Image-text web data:
------------------------------------------------------------
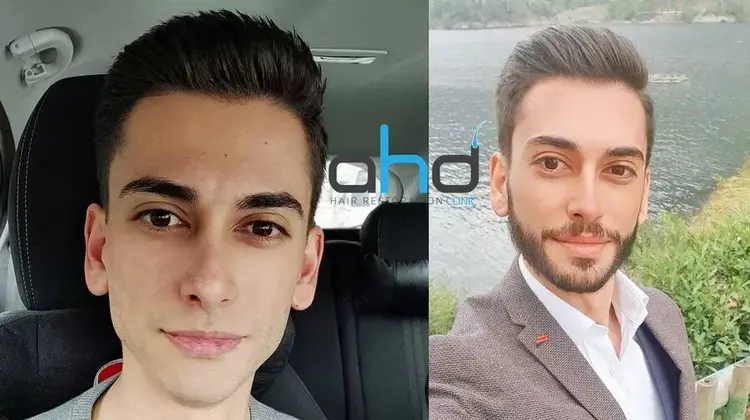 L'apparence de l'homme qui se rase la barbe 6 mois après une greffe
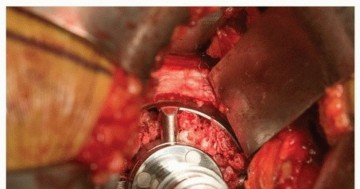 صورة طبية: تثبيت مفصل الورك بدون أسمنت: دليل شامل لمرضى استبدال الورك مع الأستاذ الدكتور محمد هطيف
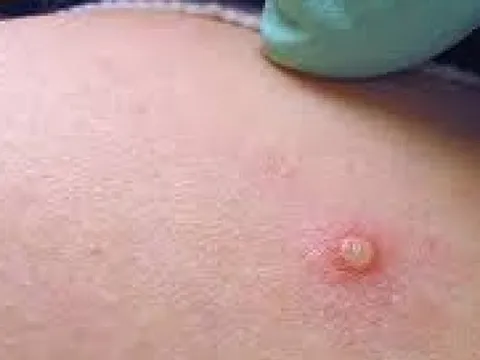 Trung Quốc phát hiện thêm nhiều ca bệnh đậu mùa khỉ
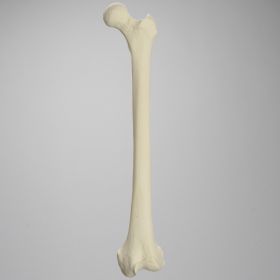 Femur with Arthritis, Foam Cortical, Left, Medium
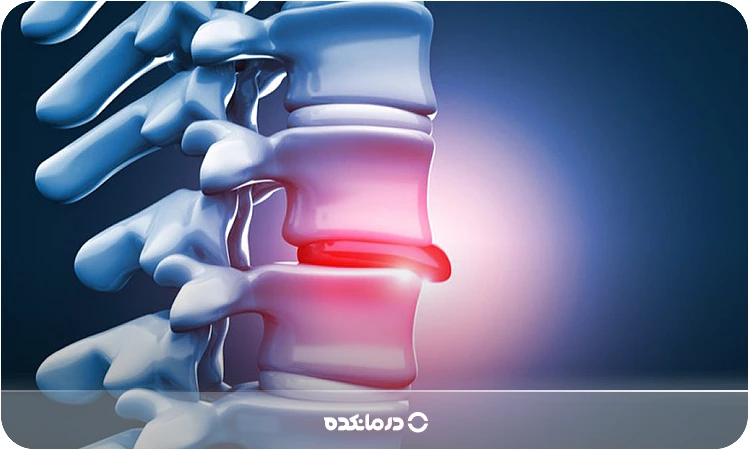تصویری از پارگی دیسک و بیرون زدگی دیسک را می بینید
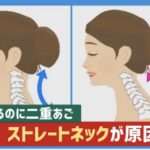 【肩こり・首こり】の原因、ストレートネックを改善！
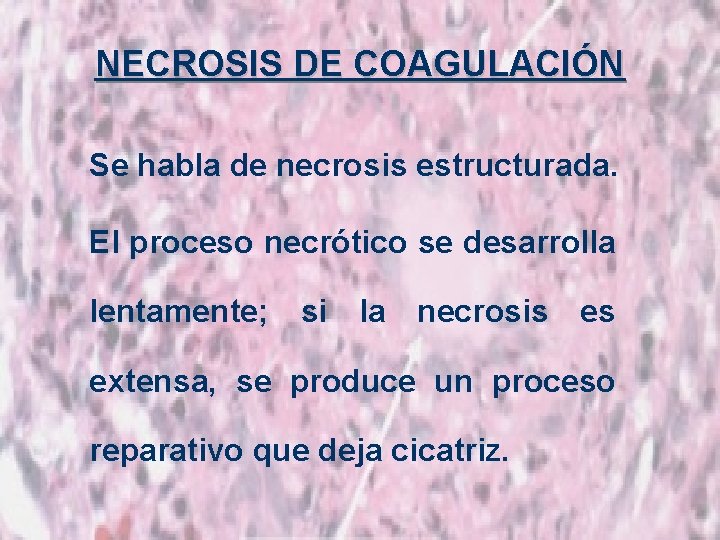 NECROSIS DE COAGULACIÓN Se habla de necrosis estructurada. El proceso necrótico se desarrolla lentamente;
------------------------------------------------------------
ACTION ITEM
The answer consists of the lines from the one holding "صورة طبية: تثبيت" to the end of the records, inclusive, restated exactly and without pictures.

TASK RESULT
 صورة طبية: تثبيت مفصل الورك بدون أسمنت: دليل شامل لمرضى استبدال الورك مع الأستاذ الدكتور محمد هطيف
 Trung Quốc phát hiện thêm nhiều ca bệnh đậu mùa khỉ
 Femur with Arthritis, Foam Cortical, Left, Medium
تصویری از پارگی دیسک و بیرون زدگی دیسک را می بینید
 【肩こり・首こり】の原因、ストレートネックを改善！
 NECROSIS DE COAGULACIÓN Se habla de necrosis estructurada. El proceso necrótico se desarrolla lentamente;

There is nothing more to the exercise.